GIVEN DATA
######

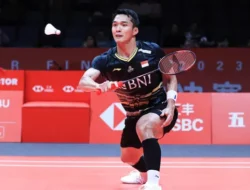 Jonatan Kalah, Indonesia Tanpa Wakil di Final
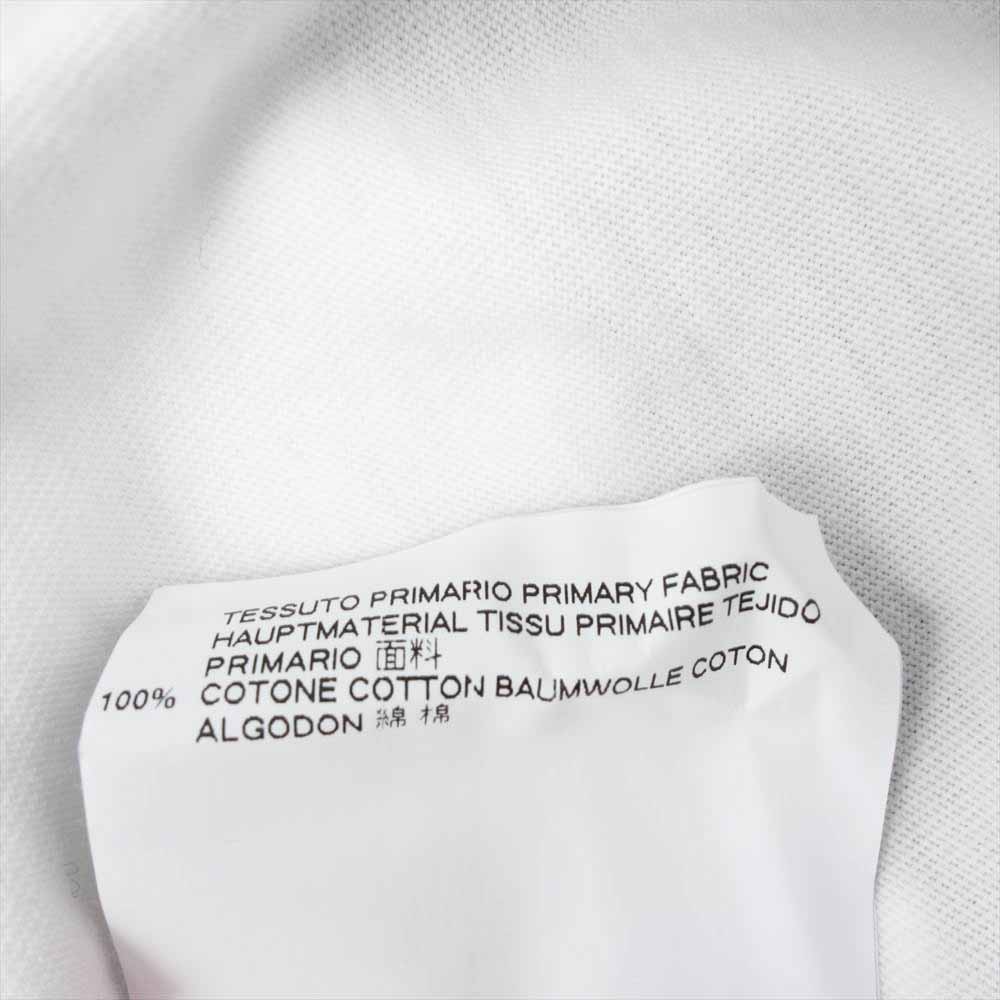 MAISON MARGIELA メゾンマルジェラ 18AW S30GC0651 limited editions ESTNATION ROPPONGI 15th Anniversary 3枚セット パックT 半袖 L【中古】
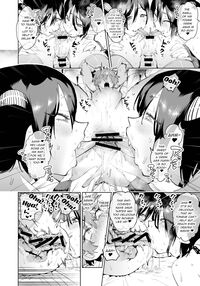 Boukensha wa Mesuiki Suru Hodo Tsuyoku Naru ga Baka ni Naru Ken o Te ni Ireta! / 冒険者はメスイキするほど強くなるがバカになる剣を手にいれた! Page 11 Preview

######

EXERCISE DETAILS
Every line from the one containing "MAISON MARGIELA メゾンマルジェラ" to the end of the material above is to be returned exactly, with the pictures left out.

RESULT
 MAISON MARGIELA メゾンマルジェラ 18AW S30GC0651 limited editions ESTNATION ROPPONGI 15th Anniversary 3枚セット パックT 半袖 L【中古】
 Boukensha wa Mesuiki Suru Hodo Tsuyoku Naru ga Baka ni Naru Ken o Te ni Ireta! / 冒険者はメスイキするほど強くなるがバカになる剣を手にいれた! Page 11 Preview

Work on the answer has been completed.